#### [YOUR INSTRUCTIONS]
Return the full listing character for character, without its pictures.

#### [THE DATA]
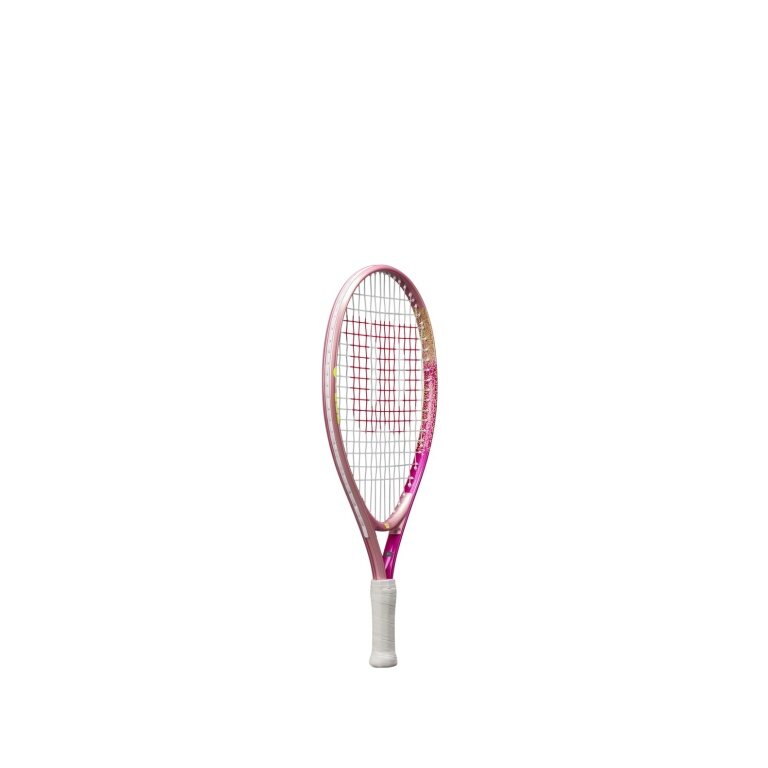 Wilson Kids' Tennis Racket Intrigue 19in (2-4 years) 2025 pink - pre-strung - girls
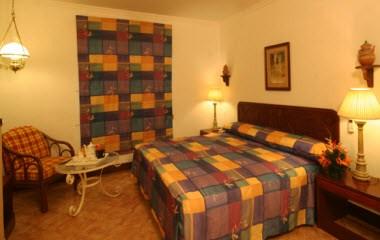 Coconut Grove i Goa, IN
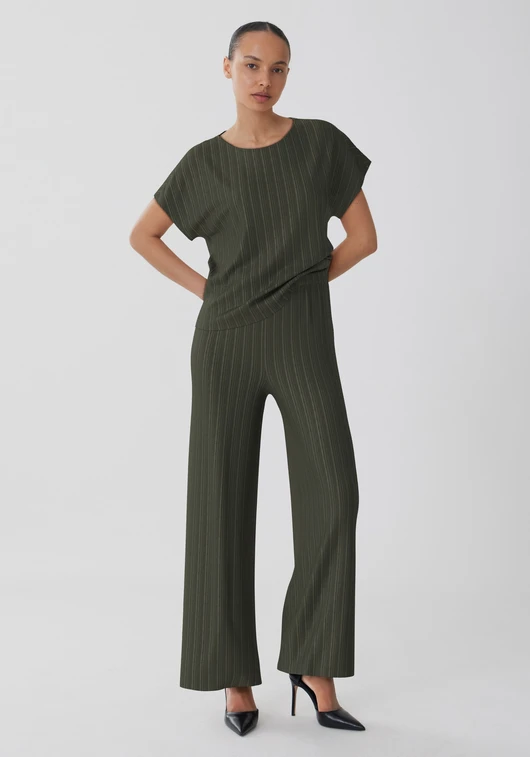 Vila VITAHLIA O-NECK CAPSLEEVE TOP/DFS 14108026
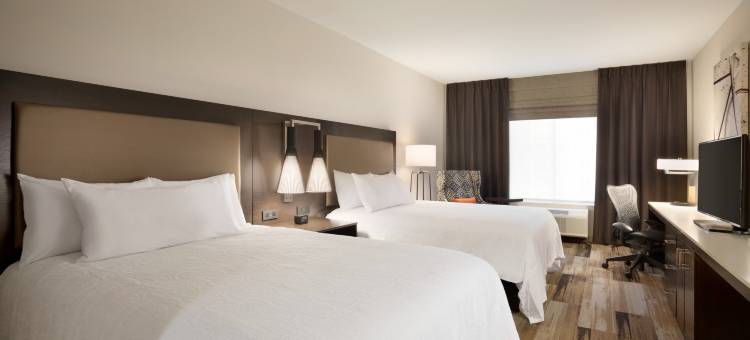 伯明翰市中心希尔顿花园酒店(Hilton Garden Inn Birmingham Downtown)图片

#### [EXERCISE RESULT]
 Wilson Kids' Tennis Racket Intrigue 19in (2-4 years) 2025 pink - pre-strung - girls
 Coconut Grove i Goa, IN
 Vila VITAHLIA O-NECK CAPSLEEVE TOP/DFS 14108026
 伯明翰市中心希尔顿花园酒店(Hilton Garden Inn Birmingham Downtown)图片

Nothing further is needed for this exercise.